More than any other composer of chamber music with piano, it was Beethoven who gave the cello the prominence it has today. The 18th-century duo sonata was considered primarily to be a keyboard sonata with “accompanying” melody instrument; consequently Beethoven designated his five cello sonatas as “Sonata(s) for Pianoforte and Violoncello.” Yet even in the first two sonatas of Opus 5, this titular ordering was more a matter of convention than a meaningful description of the instruments’ relative importance.
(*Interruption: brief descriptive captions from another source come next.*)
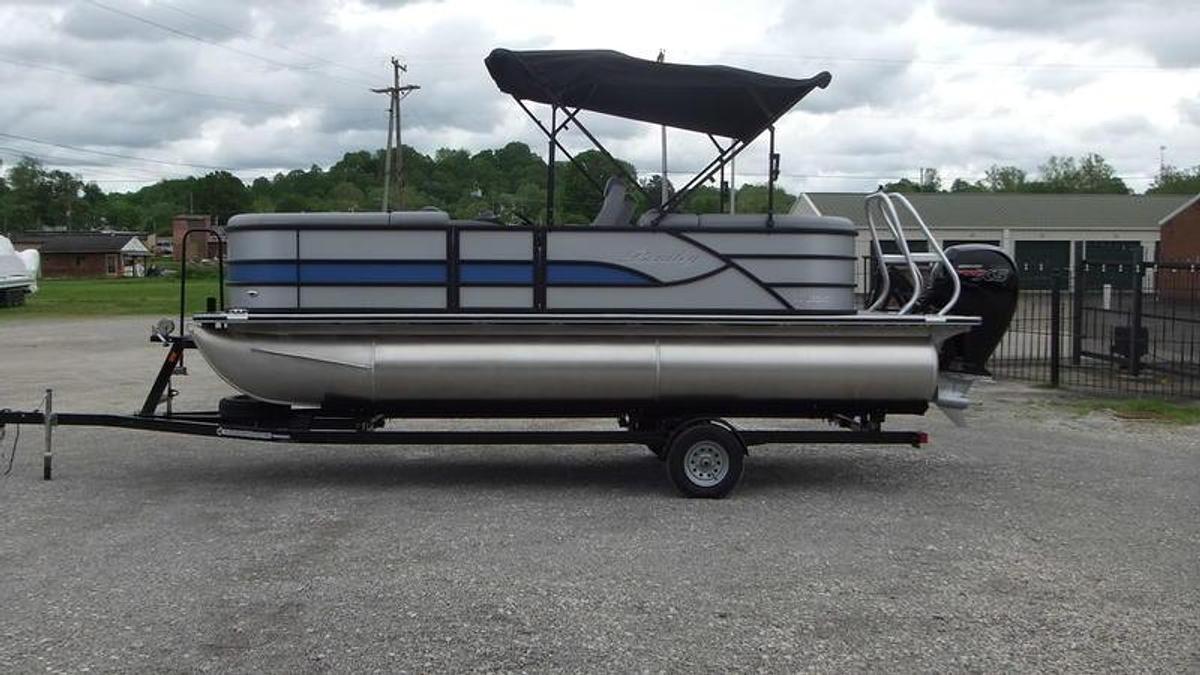 2025 Bentley Pontoons Legacy 200 Navigator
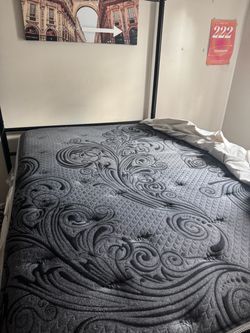 Pillow top Full Mattress/Boxspring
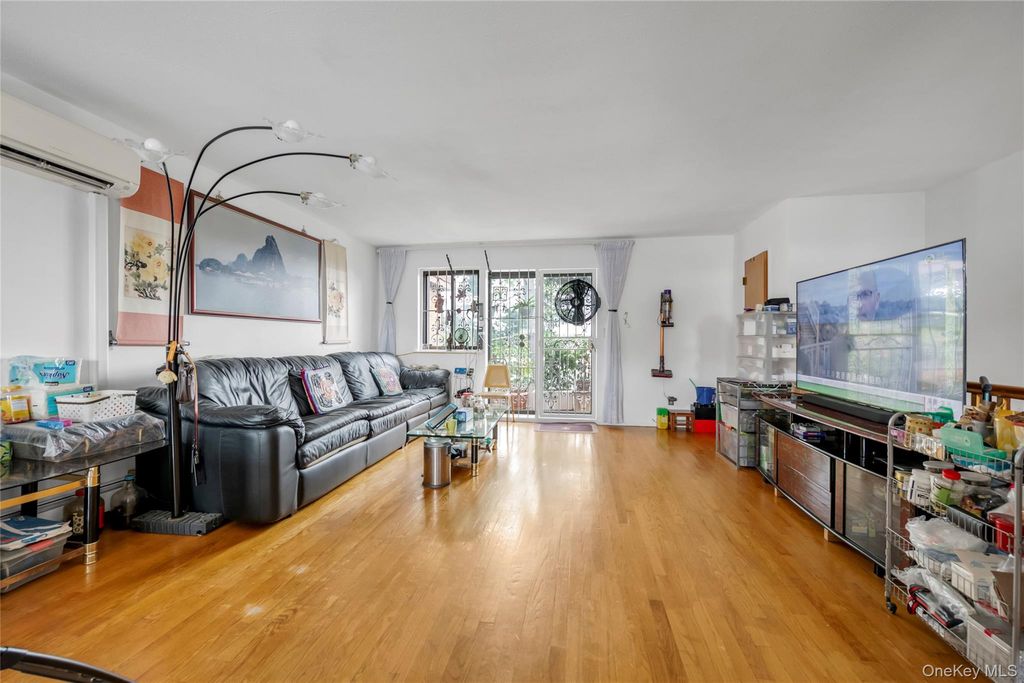 74-49 Calamus Avenue 51, Elmhurst, NY 11373 — photo 4
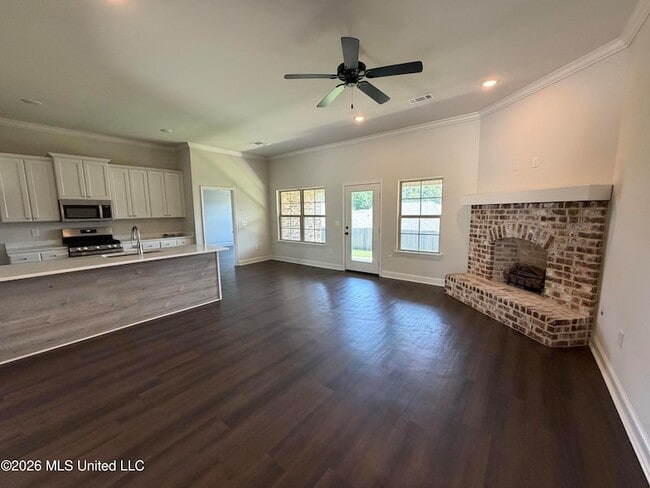 Building Photo - 464 Silver Hill Dr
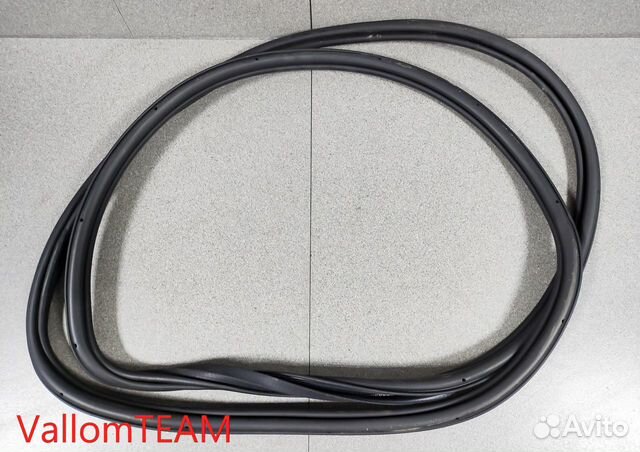 Лот Q15 Уплотнитель двери передний правый audi Q7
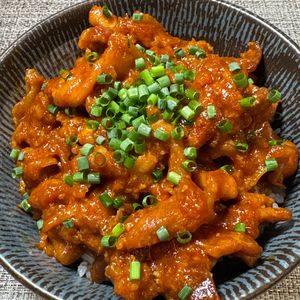 楽ラク手抜キッチン🐶🐾の作ってみた!投稿(【ヤンニョム豚丼】甘辛タレでご飯が止まらない🍚)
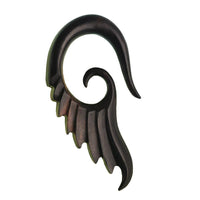 Cargar imagen en el visor de la galería, Piercing Holz ebony wood Flügel Ohrstecker Expander handgeschnitzt
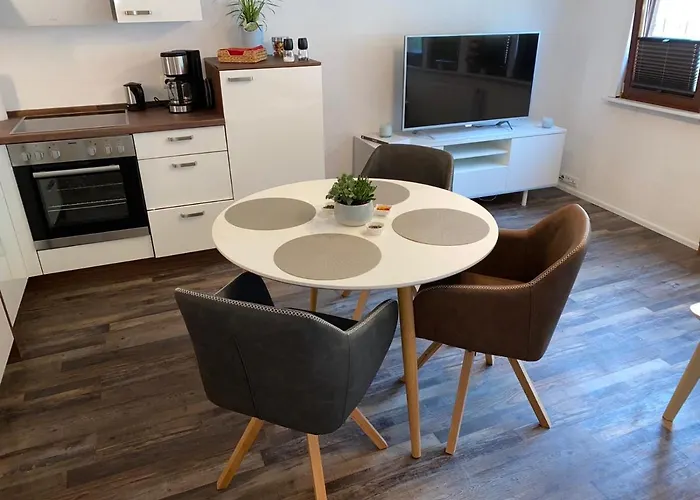 Schoene Burgruine Fachwerkhaus *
The piano, of course, provides the greater harmonic and textural density, but the cello is displayed prominently and soloistically throughout. Beethoven composed his first two sonatas for piano and cello in Berlin in 1796, the third sonata, Opus 69, was completed at the beginning of 1808 and, finally, the last two sonatas, Opus 102, Nos. 1 and 2, were composed in 1815. Like the two trios, opus 70, these last two sonatas were dedicated to Countess Marie Erdody, one of the women who played an important part in Beethoven’s life.

The D Major Sonata is the only one of the five to have a fully conceived slow movement. Equally notable is its frugal finale (the first fugue “inserted” by Beethoven into a work in sonata form), an incipient instance of Beethoven’s late period rejuvenation of traditional contrapuntal forms, exemplified by the Grosse Fuge, op. 133.